Und Gauland? Der bestritt zunächst, den Satz überhaupt gesagt zu haben. Als die FAS widersprach und vermeldete, das Gespräch sei aufgezeichnet worden, ruderte Gauland in der ARD zurück: Boatengs Name könne im Interview durchaus gefallen sein, vielleicht auch auf Seiten der Journalisten. Im Fussball kenne er sich nunmal nicht aus. Er habe lediglich ausdrücken wollen, «dass es viele Menschen gibt, die halt Fremde in ihrer Nachbarschaft nicht für ideal halten».
Strategie der schnellen Aufmerksamkeit?
Nicht zum ersten Mal provoziert die AfD damit mit Aussagen eine breite Öffentlichkeit – und relativiert die markigen Sprüche darauf wieder. Zu Beginn des Jahres liess beispielsweise Vorsitzende Petry verlauten, im Notfall müssten die Behörden Flüchtlinge an der Grenze unter «Einsatz von Waffengewalt» an der Einreise hindern. Als die Welle der Empörung anschwoll, gab sie an, das heisse nicht, dass man tatsächlich schiesse, man könne mit Waffen auch einfach drohen.
Ist die Provokation mit anschliessender Relativierung also nichts anderes als eine Strategie, um möglichst viel Aufmerksamkeit zu generieren? SRF-Korrespondent Adrian Arnold bezweifelt, dass das im aktuellen Fall so ist: «Gauland hat mit dem Satz ein klares Eigentor geschossen.»
Bei der Flüchtlingsfrage habe die Partei auf eine grundsätzlich negative Stimmung in der Bevölkerung zählen können. Die Fussballnationalmannschaft aber stehe symbolisch für «das Multikulti-Deutschland, das zusammen Erfolg hat, in der Wirtschaft wie im Fussball». Mit seiner Äusserung habe Gauland also eine «heilige Kuh» angegriffen, die auch bis in die AfD-Wählerschaft als solche wahrgenommen werde.
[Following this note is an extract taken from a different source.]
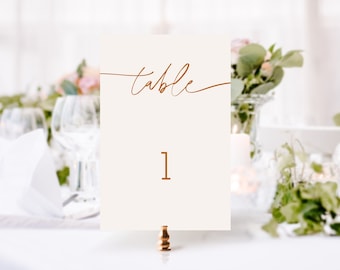 Minimalist Wedding Table Number Sign, Editable 4x6 Card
Auch die Reaktion Petrys zeige dies: «Sie hat den Satz offensichtlich nicht sonderlich klug gefunden.»
Medienbashing und interner Machtkampf
Allerdings zeige das Beispiel eine ganz andere Strategie exemplarisch auf, so Arnold: Indem die Medien so dargestellt würden, als verdrehten sie die eigentliche Aussage oder schrieben gar gänzlich Ungesagtes, wolle die AfD «die vierte Gewalt aushebeln». Die eigenen Anhänger «immunisiert die Partei so gegenüber Kritik aus den Medien, und dies ganz einfach mit dem Vorwurf der Lügen-Presse».
Zudem zeige sich im aktuellen Fall auch der Machtkampf innerhalb der AfD-Führung erneut deutlich, erklärt Arnold: Auf der einen Seite stehe hier Petry, auf der anderen Seite Gauland und Bundessprecher Jörg Meuthen. Beiden sei Petry «zu machtversessen, sie wollen sie loswerden».
Vor allem auch im Hinblick auf die Ausmarchung eines Spitzenkandidaten für die Bundestagswahlen im September 2017. «Mit ihrer Distanzierung hat Petry nun die Chance genutzt, Gauland eins auszuwischen.»
Fussballstar Boateng nimmt die ganze Geschichte offenbar nicht sonderlich mit. Nach dem Testspiel der Nationalelf gegen die Slowakei nahm er nur kurz Stellung zu Gaulands Worten: «Traurig, dass so etwas heute noch vorkommt.»